Tras explicar la consecuencia, el responsable de San Campio se adentra en las causas. «En la mayor parte de los casos las personas viven alejadas de Dios», independientemente de género o edad, por eso es necesario «orientar a la persona».

Hay cuatro causas principales por las que se producen las posesiones.
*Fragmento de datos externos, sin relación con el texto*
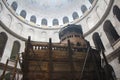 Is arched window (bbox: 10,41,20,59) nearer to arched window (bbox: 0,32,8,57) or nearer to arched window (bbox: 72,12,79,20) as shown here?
arched window (bbox: 0,32,8,57)

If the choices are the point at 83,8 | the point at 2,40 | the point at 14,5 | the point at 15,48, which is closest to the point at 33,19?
the point at 14,5

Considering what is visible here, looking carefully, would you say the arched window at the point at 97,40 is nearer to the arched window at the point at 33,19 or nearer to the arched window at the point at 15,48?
the arched window at the point at 15,48

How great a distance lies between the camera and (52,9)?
30.3 m

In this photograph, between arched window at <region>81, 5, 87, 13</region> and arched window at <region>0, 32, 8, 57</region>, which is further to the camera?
arched window at <region>81, 5, 87, 13</region>

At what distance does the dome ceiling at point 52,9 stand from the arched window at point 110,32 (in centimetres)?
700

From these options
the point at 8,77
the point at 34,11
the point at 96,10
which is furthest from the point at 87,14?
the point at 8,77

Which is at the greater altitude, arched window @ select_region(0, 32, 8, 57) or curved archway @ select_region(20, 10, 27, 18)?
curved archway @ select_region(20, 10, 27, 18)

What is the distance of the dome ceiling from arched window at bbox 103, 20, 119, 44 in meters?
7.00

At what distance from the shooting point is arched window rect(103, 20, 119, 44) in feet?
58.6

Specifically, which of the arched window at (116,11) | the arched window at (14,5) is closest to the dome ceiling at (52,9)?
the arched window at (14,5)

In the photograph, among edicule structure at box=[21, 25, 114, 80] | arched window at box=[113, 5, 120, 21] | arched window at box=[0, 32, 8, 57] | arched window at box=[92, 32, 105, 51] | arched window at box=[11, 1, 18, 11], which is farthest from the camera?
arched window at box=[11, 1, 18, 11]

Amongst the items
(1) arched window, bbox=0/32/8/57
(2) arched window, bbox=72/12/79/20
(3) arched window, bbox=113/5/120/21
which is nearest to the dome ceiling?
(2) arched window, bbox=72/12/79/20

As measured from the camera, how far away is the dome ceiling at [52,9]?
2666 cm

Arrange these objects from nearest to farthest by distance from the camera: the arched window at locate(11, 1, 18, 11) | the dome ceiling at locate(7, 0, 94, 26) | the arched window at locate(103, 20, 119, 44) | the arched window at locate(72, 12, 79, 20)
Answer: the arched window at locate(103, 20, 119, 44), the arched window at locate(11, 1, 18, 11), the dome ceiling at locate(7, 0, 94, 26), the arched window at locate(72, 12, 79, 20) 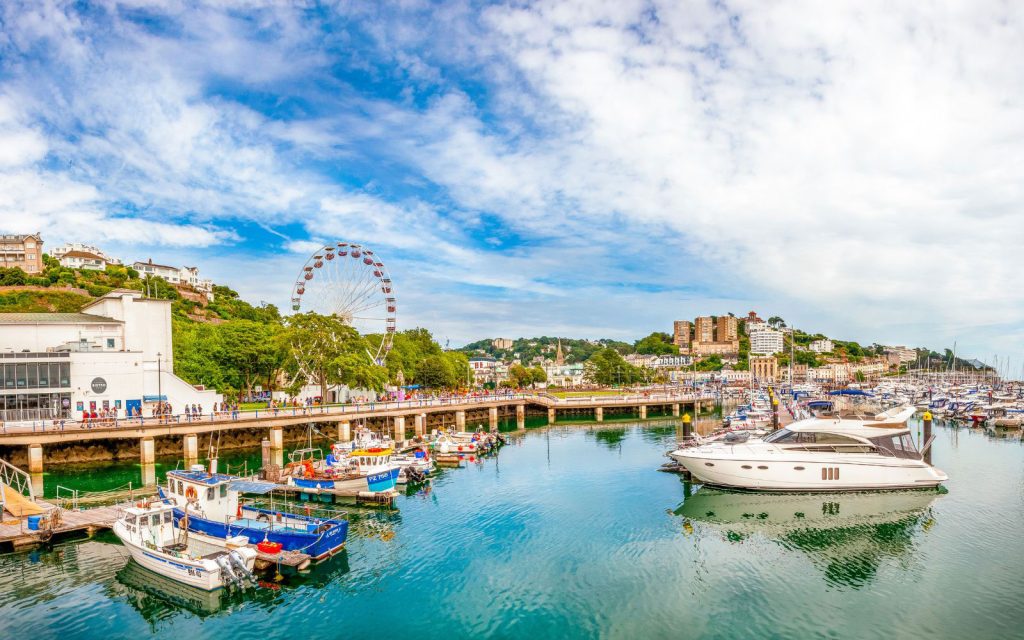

La primera, «por participar en ritos satánicos», como la güija, con lo que «se queda ligado al demonio».

Otro de los motivos es la «consagración de un niño al demonio por parte de sus padres que realizan prácticas satánicas». Una de las más comunes es «el pacto con el demonio». En estos casos «se pacta rendir culto al demonio a cambio de que eche abajo un negocio, arruine a esta familia». En cuarto lugar se encuentran «los maleficios».

«En nuestros tiempos, consciente o inconscientemente se le ha dado la espalda a Dios», considera el Padre Portela y la «lejanía de Dios y de los actos de la religión» tienen una repercusión directa.

Ahora, «los cristianos se avergüenzan de llevar una cruz o una medalla de la Virgen que puede servir de protección» y «los cambian por símbolos paganos e incluso satánicos, a veces sin darse cuenta».

Por eso invita a que se reconduzca el camino que aproxima más a Dios y que los jóvenes «abandonen la tendencia aventurare en relación a cuestiones satánicas como puede ser la güija», concluye.

Para creyentes, escépticos, críticos o curiosos, el espíritu y la influencia de Dios o Lucifer, ángel caído, seguirá siendo, en el subconsciente colectivo, objeto de reflexión. «Resiste al demonio y él huirá de ti» (Santiago 4:7).